*Problem details*: Give the count of lines in the records below that contain "Photo", and say nothing more.

*Task material*:
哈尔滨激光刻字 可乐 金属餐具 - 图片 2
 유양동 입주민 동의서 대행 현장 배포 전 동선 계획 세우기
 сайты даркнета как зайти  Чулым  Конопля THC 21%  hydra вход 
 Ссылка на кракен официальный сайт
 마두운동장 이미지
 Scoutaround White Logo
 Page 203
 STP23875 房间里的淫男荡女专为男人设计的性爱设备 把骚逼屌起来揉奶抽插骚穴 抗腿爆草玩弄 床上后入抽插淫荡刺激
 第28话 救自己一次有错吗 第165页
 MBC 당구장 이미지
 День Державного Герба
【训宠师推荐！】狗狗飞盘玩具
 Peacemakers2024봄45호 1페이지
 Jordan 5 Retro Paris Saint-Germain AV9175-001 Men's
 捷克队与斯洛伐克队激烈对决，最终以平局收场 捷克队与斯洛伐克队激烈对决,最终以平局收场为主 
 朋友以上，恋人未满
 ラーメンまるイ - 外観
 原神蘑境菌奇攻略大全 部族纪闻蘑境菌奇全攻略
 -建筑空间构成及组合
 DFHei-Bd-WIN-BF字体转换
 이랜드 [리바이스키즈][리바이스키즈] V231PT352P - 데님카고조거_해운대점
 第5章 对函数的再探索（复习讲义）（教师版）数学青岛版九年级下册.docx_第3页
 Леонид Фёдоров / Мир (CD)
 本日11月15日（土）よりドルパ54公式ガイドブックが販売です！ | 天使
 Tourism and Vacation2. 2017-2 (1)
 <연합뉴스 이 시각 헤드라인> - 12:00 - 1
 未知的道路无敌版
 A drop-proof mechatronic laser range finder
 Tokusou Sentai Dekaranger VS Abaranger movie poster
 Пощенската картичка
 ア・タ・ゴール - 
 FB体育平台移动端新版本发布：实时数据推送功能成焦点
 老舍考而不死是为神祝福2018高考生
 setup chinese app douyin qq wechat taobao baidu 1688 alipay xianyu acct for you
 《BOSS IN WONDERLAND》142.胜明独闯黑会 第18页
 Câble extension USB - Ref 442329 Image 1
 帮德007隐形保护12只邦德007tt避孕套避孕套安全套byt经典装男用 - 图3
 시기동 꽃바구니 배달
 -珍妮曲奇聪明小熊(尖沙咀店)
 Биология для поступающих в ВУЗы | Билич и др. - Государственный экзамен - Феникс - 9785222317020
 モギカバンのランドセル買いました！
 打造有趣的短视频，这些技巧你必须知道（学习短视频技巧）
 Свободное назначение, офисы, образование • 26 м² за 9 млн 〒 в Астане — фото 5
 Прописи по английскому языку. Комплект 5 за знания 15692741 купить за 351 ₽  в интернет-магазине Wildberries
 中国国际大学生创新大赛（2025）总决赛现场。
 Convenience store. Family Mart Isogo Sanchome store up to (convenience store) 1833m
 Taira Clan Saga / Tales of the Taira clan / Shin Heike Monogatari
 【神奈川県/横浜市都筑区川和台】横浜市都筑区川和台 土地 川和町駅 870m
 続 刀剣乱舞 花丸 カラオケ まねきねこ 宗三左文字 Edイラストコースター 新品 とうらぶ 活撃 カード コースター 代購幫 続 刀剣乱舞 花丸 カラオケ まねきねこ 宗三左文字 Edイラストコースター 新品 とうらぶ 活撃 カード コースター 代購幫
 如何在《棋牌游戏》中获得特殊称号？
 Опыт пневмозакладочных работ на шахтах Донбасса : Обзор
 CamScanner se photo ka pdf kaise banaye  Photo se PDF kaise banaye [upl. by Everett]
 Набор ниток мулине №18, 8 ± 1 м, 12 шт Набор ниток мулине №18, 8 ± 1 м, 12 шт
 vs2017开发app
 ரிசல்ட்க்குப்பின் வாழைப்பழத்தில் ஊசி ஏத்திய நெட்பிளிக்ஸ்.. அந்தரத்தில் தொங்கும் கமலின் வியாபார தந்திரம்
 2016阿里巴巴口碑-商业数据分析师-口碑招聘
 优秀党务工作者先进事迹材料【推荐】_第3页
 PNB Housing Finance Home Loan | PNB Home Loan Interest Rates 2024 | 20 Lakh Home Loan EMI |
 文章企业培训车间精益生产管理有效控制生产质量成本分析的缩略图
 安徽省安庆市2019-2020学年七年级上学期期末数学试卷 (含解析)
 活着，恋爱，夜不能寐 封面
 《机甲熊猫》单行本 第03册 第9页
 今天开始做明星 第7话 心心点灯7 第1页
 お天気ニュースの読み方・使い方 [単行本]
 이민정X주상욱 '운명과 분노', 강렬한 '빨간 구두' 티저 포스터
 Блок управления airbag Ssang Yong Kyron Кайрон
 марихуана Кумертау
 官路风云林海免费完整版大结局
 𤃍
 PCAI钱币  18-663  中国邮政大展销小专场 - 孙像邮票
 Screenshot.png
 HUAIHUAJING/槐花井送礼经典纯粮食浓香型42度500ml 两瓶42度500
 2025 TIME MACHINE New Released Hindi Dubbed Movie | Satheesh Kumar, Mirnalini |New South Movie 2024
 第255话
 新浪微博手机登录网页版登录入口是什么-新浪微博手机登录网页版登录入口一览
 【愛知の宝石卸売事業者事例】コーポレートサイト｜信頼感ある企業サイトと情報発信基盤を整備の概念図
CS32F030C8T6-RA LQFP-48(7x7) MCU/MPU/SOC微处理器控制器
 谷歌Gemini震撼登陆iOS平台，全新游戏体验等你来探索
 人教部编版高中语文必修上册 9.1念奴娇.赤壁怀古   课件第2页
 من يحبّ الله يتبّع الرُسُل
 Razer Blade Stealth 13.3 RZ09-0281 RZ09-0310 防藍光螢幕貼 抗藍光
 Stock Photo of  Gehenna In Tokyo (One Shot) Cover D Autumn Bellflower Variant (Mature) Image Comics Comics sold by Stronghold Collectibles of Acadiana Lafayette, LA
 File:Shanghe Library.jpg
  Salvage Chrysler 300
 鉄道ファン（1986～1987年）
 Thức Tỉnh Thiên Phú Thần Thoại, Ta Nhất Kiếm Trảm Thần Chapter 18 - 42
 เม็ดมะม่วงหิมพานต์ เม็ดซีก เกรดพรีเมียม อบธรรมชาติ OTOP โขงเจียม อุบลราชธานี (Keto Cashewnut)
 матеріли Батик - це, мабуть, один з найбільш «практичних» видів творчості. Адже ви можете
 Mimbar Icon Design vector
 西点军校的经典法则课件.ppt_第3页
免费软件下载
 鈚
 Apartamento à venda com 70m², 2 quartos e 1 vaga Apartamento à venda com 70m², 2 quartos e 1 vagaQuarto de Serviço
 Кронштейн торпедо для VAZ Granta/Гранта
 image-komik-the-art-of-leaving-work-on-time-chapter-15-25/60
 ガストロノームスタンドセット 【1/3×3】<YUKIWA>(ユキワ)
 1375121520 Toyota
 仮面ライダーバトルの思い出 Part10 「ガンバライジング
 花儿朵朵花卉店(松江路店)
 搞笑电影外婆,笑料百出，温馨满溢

*Result for this task*: 2